毕业于北大中文系的名师张老曾在其《北大忆旧》忆及旁听生趣事:
“北京大学课堂的惯例:来者不拒,去者不追。且说我刚入学的时候,首先感到奇怪的是同学间的隔膜。同坐一堂,摩肩碰肘,却很少交谈,甚至相视而笑的情况也很少。这由心理方面说恐怕是都自以为有一套,因而目中无人。但这就给旁听者创造了大方便,因为都漠不相关,所以非本班的人进来入座,就不会有人看,更不会有人盘查。
常有这样的情况,一个学期,上课常常在一起,比如说十几个人,其中哪些是选课的,哪些是旁听的,不知道;哪些是本校的,哪些不是,也不知道。这模模糊糊,有时必须水落石出,就会近于笑谈。比如刘半农先生开“古声律学”的课,每次上课有十几个人,到期考才知道选课的只有我一个人。”

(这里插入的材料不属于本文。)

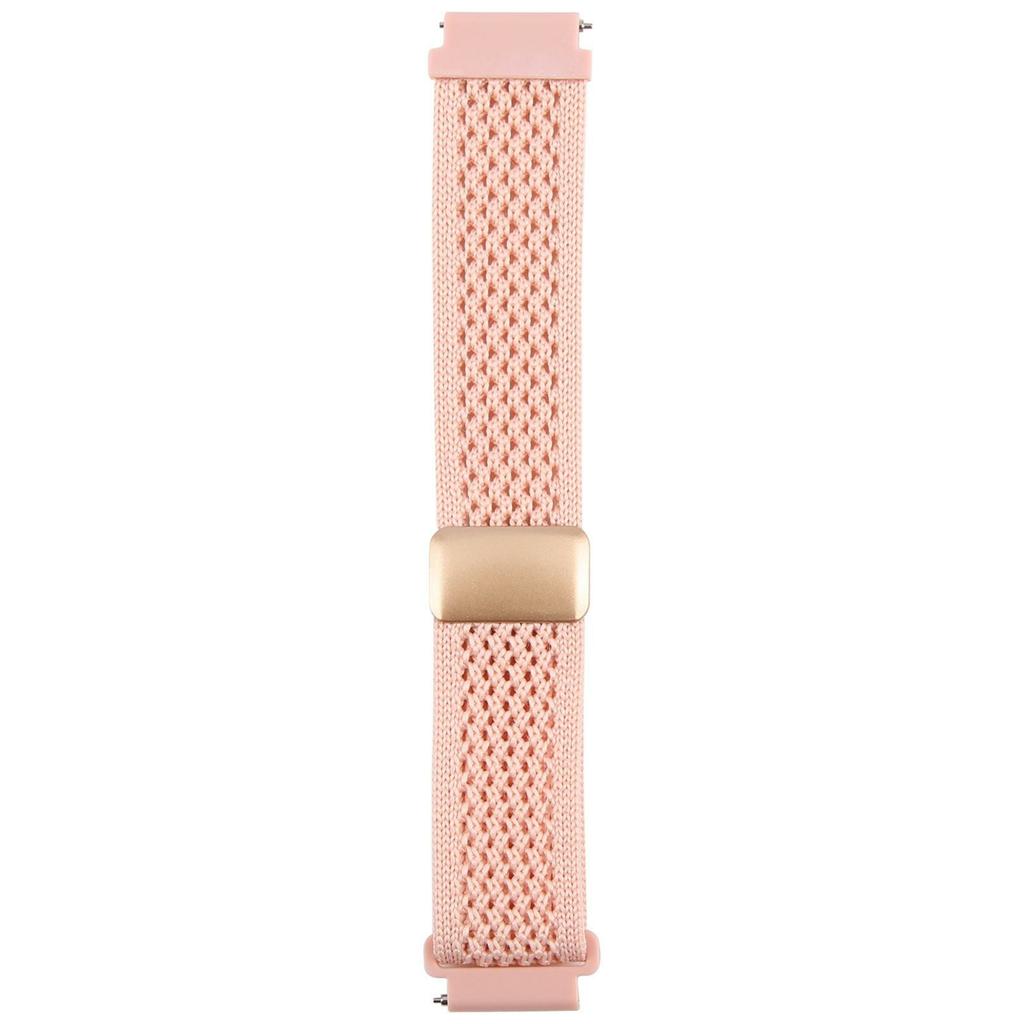 22mm Watch Strap for Huawei Watch GT 5 Pro/GT 5/GT 4/Watch 4/Samsung Galaxy Watch3 45mm/Huami Amazfit GTR 4 46mm Nylon Wristband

都说北大怪人狂人多,互相不服气,确是如此。北大汪丁丁就曾在课堂上被学生当众教训讲错了,汪于是请学生来讲,自己坐在前排规矩地听。北大一名王姓教授也在课堂坦言:点名是破坏形象的事……真乃来者不拒,去者不追。今天的北大清华等名校名师的课,旁听者众。雀巢鸠占,本校学生倒也无奈,只好高呼几句打倒旁听者了事。

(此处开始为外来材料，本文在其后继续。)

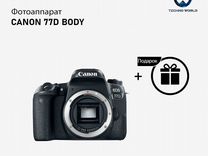 Canon 77D body (Гарантия)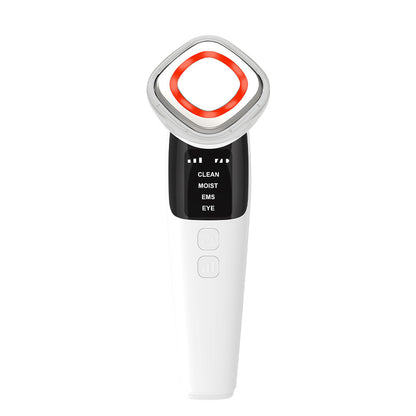 Beauty trument EMS Introduction trument Face massager Pulse micro current firming lift photon skin rejuvenation home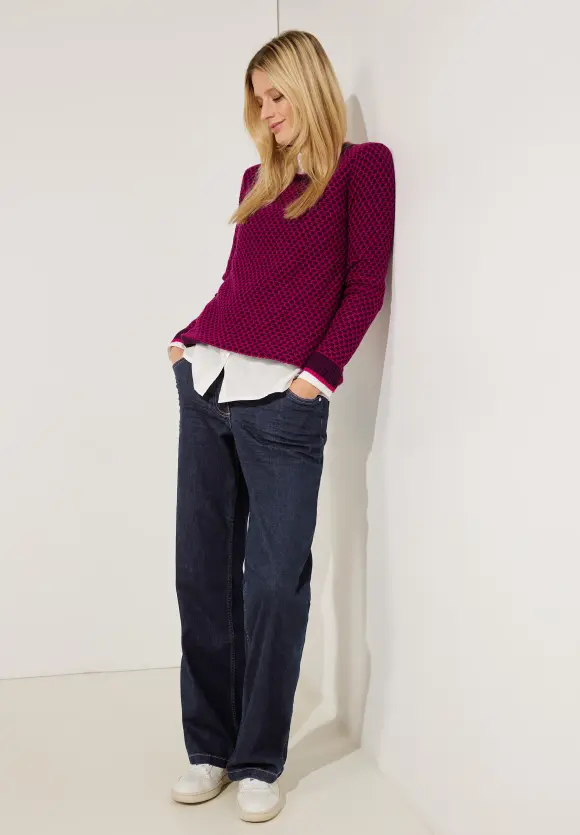 CECIL Loose Fit Jeans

北大才女张曼菱曾撰文忆及与诸名师交往趣事:她与季老十数年如一日的友谊;给钱老写信谈《管锥编》心得竟然收到钱老亲笔回信;朱光潜教授如何在未名湖畔告诉她‘朱的书没什么,要看西方原著,才不浪费时间’;李泽厚教授如何在书房与其大谈‘中国古代妓女对文化之贡献’;她如何让在北大讲座的曹禺勃然大怒血压升高,只因她递一纸条,上书‘您认为是您的王昭君活的长,还是汉宫秋里的昭君会千古?’
短短数笔,名师个性身形风格跃然纸上。
混迹于北师大期间,曾听过书画大师、著名文物鉴赏家、国学名师启功先生的讲座。
“我的祖先活动在东北,是满族,属少数民族,历史上通称‘胡人’,所以在下所讲,全是不折不扣的‘胡说’……甫一出口即谦逊之至。

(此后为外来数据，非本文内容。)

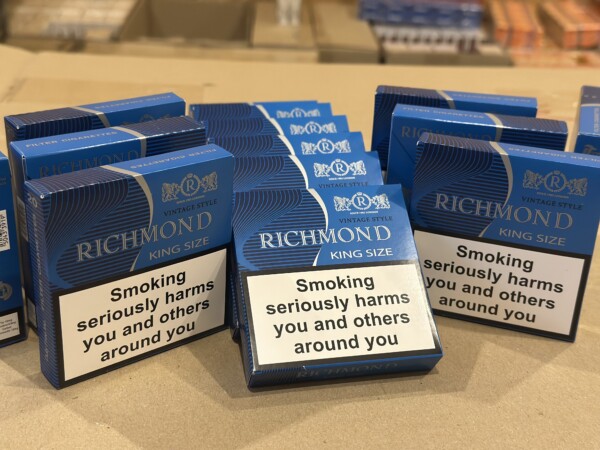 Richmond KS blue — изображение 2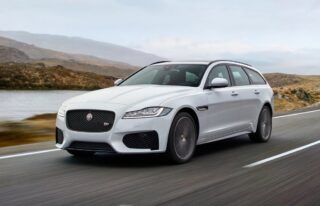 Jaguar XF Sportbrake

启老住在北师大红楼,当老人托病不会客时,就在门外贴上‘大熊猫病了’。启老的学生总爱称他为“博导”,启老便言:“我是‘拨倒’,一拨就倒,一驳就倒。”他被任命为国家文史馆馆长,别人告诉他这是“部级”,他则打趣地说:“不急,我不急!”得心脏病入院调侃:我的心坏了坏了的!书画店巧遇仿冒者,启老劝:“你要真是为生计所迫,仿就仿吧,可千万别写反动标语啊。面对仿冒赝品的启老微微一笑:“比我写得好。”
“中学生,副教授。博不精,专不透。名虽扬,实不够。高不成,低不就。瘫趋左,派曾右。面微圆,皮欠厚。妻已亡,并无后。丧犹新,病照旧。六十六,非不寿。八宝山,渐相凑。计平生,谥曰陋。身与名,一齐臭。”1978年启老所做《自撰墓志铭》,其幽默仁达谦虚,让人肃然起敬。
近日读围城,读到“这些学生一方面盲目的可怜,一方面眼光准确的可怕。他们的赞美,未必尽然,有时竟上人家的当;但他们的毁骂却至公至确,等于世界未日的审判,毫无上诉的余地”,不由击节而笑。这种入木三分字字珠玑的表达是典型的钱氏风格。
钱钟书,无锡人,宇默存,号槐聚,笔名中书君,毕业于清华大学外文系,后留学牛津。归国后先后执教西南联大等高校。其深厚中西文造诣被海内外誉为‘文化昆仑’和‘一代博学鸿儒’。著作有《谈艺录》《管锥编》《围城》和《宋诗选注》等,无不让人叹为观止疑有神助。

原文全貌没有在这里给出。